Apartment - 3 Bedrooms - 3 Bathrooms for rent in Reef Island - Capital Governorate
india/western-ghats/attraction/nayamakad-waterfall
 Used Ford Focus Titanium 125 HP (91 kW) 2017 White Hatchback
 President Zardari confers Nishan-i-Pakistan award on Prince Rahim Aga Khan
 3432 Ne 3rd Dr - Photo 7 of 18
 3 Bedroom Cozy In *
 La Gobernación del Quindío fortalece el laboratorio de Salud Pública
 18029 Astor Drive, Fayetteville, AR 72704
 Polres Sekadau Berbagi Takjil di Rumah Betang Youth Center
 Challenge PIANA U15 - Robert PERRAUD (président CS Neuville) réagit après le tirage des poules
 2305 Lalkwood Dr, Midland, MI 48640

◆ DESCRIPTION OF THE TASK
Taking the entries above, restate exactly those lines that fall between the line with "Used Ford Focus" and the line with "Polres Sekadau Berbagi", keeping both of those lines too.

◆ WRITTEN ANSWER
 Used Ford Focus Titanium 125 HP (91 kW) 2017 White Hatchback
 President Zardari confers Nishan-i-Pakistan award on Prince Rahim Aga Khan
 3432 Ne 3rd Dr - Photo 7 of 18
 3 Bedroom Cozy In *
 La Gobernación del Quindío fortalece el laboratorio de Salud Pública
 18029 Astor Drive, Fayetteville, AR 72704
 Polres Sekadau Berbagi Takjil di Rumah Betang Youth Center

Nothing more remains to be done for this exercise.